Ulster: Time to Push On
In Northern Ireland's slow-motion struggle between Protestants and Catholics, the short term seems always with us. The long term - peaceful settlement - appears to recede just out of reach as the two sides wrestle for advantage.
Once more, that frustrating - and tantalizing - picture faces the British and Irish governments as they get one side, Sinn Fein, near the bargaining table only to see the other, Protestant Unionists, balk in suspicion.
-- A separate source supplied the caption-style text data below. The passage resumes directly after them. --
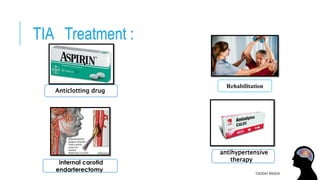 TIA Treatment :
TUESDAY 8/9/2016
Anticlotting drug
antihypertensive
therapyinternal carotid
endarterectomy
Rehabilitation
 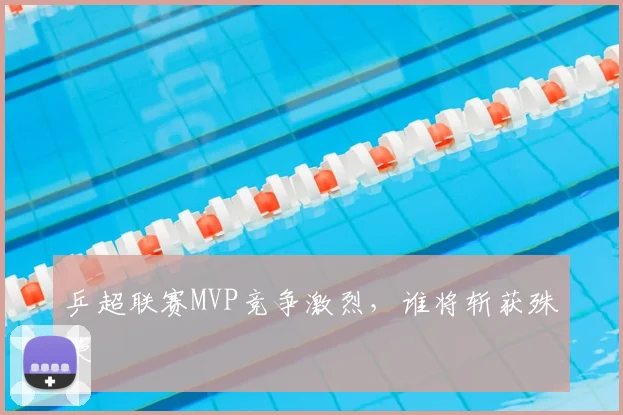 乒超联赛MVP竞争激烈，谁将斩获殊荣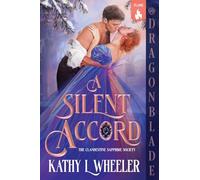 A Silent Accord: 1 (The Clandestine Sapphire Society)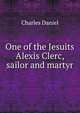 One of the Jesuits Alexis Clerc, sailor and martyr, Charles Daniel 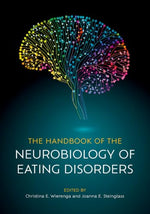 Cover of The Handbook of the Neurobiology of Eating Disorders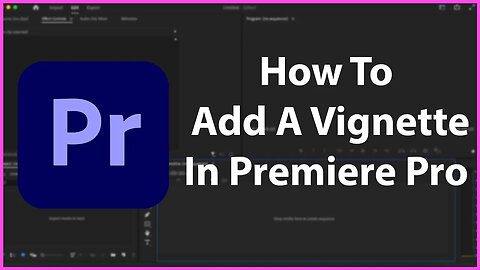 Adding A Darker Tone In Premiere Pro By Using A Vignette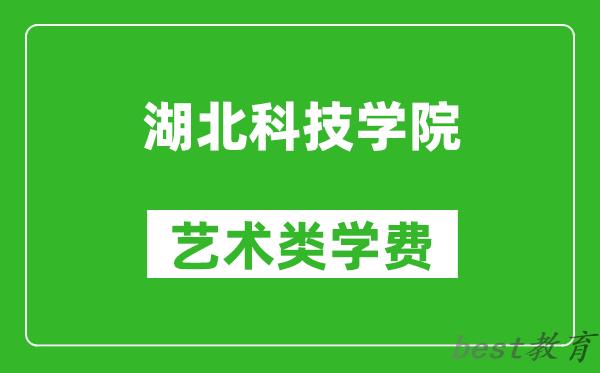 湖北科技学院艺术类学费多少钱一年（附各专业收费标准）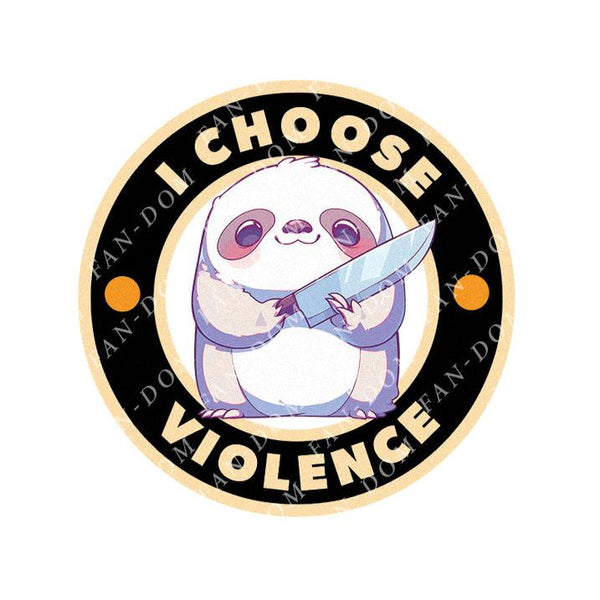 I Choose Violence Badge - Cute Sloth Knife | Editable Text - Custom text shirts, totes and bags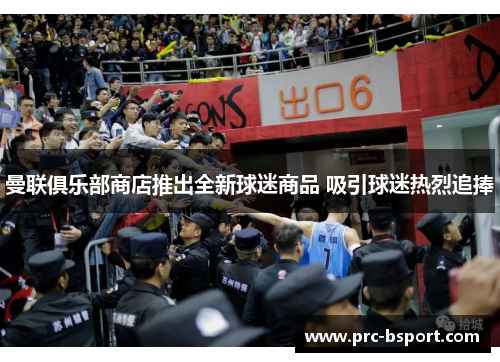 曼联俱乐部商店推出全新球迷商品 吸引球迷热烈追捧 曼联俱乐部商店推出全新球迷商品 吸引球迷热烈追捧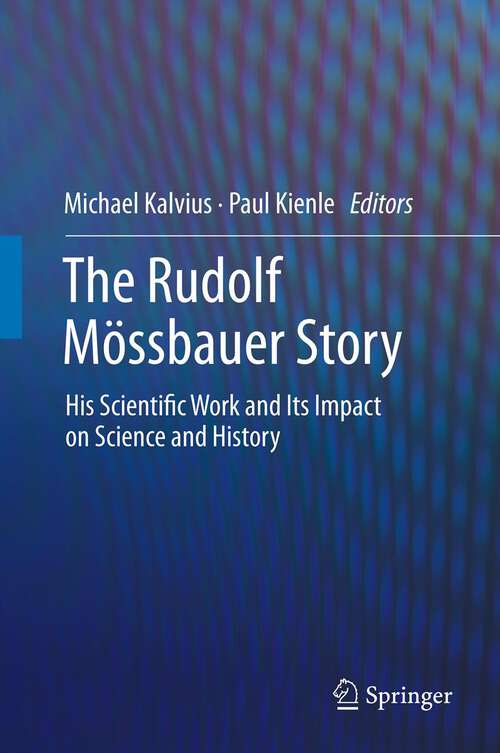 Book cover of The Rudolf Mössbauer Story: His Scientific Work and Its Impact on Science and History (2012)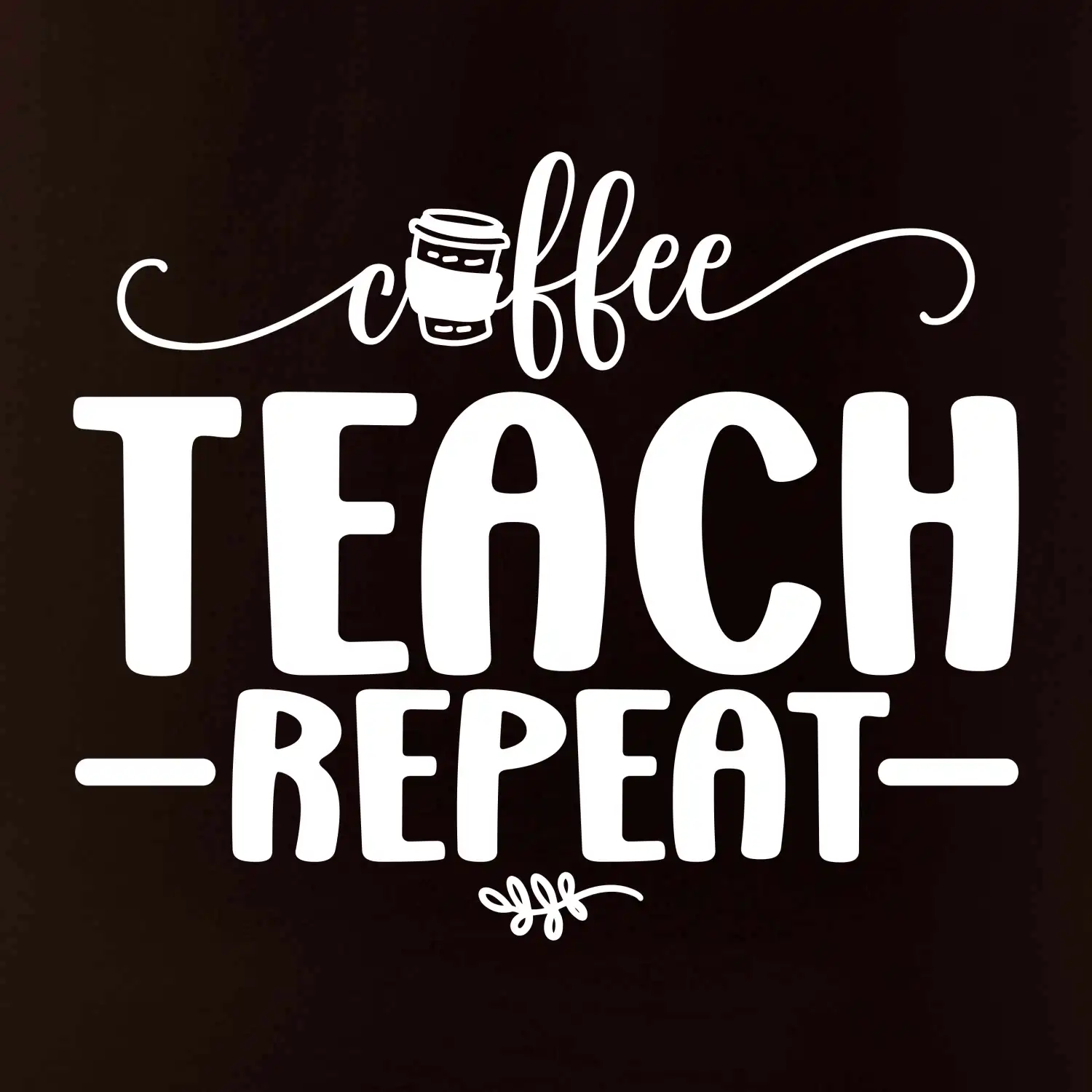 Coffee teach repeat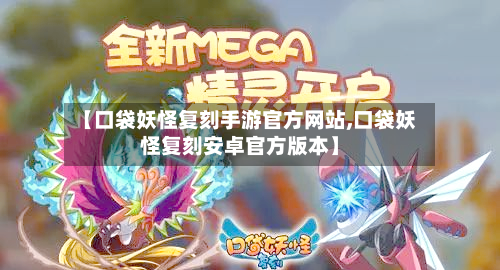 【口袋妖怪复刻手游官方网站,口袋妖怪复刻安卓官方版本】-第3张图片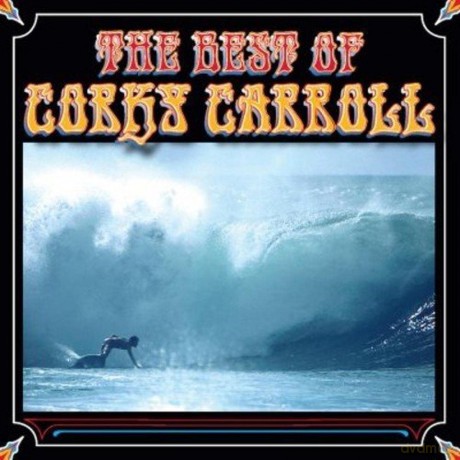 Corky Carroll: Best Of Corky Carroll [CD]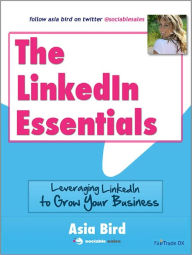 Title: The LinkedIn Essentials: Leveraging LinkedIn to Grow Your Business, Author: Asia Bird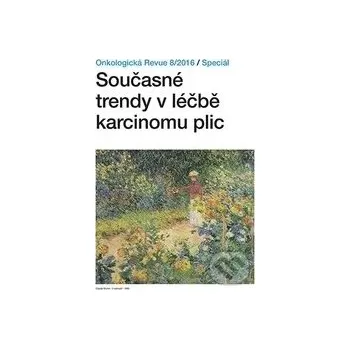 Doplněk ke knize Onkologická revue - Současné trendy v léčbě karcinomu plic - kolektiv autorů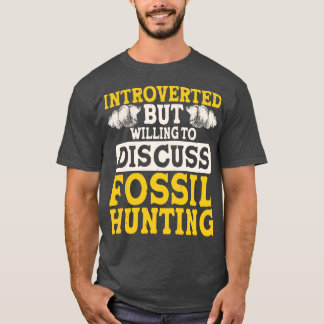 T-shirt Introverted Mais Prêt À Discuter De La Chasse Foss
But to give in to pessimism would be as foolhardy as living by the old math conundrum that if you repeatedly walk half the distance to a door you will never get through it. Too much is at stake for that kind of thinking. Namely: normality of life for 1.7 million predominantly peaceable people in Northern Ireland, the lives of innocents randomly hit by bombs in Britain, and the ability of London and Dublin to get on with normal trade, growth, and shaping European union.
Britain's fresh new Blair government was right to take away the IRA terrorists' excuse for continuing their savage bombing campaign by agreeing to separate talks about decommissioning weapons. London and Dublin were also right to say Sinn Fein would not be admitted to the peace talks until the IRA cease-fire had held over the next six weeks. (That's no sure guarantee, as the IRA's previous breaking of its own cease-fire showed. But it tends to reinforce restraint.)
Now it's up to the understandably wary moderate Unionists to stay in the talks and test Sinn Fein's willingness to seek a compromise that could build relations between the opposing communities - as they have been built between Britain and Eire through the years.
Two factors will shape the ultimate outcome. One is demographics. The Catholic community in Northern Ireland, now a 43 percent minority, is gaining in population proportion. Over time, this creates pressure on today's majority Protestants not to wait too long. The second factor is the history of revolutions. Terrorists, like the notorious French Jacobins, cannot survive any degree of success without losing their bitter momentum. A solid majority of the very population group for which they fight invariably opts for normal life, given a decent opportunity.
Working with those factors, it's up to Britain and Eire to corral the two belligerents into a sequence of confidence-building measures. Their test is under way now. In order to get serious consideration of such confidence- building they must get both sides to the bargaining table this September.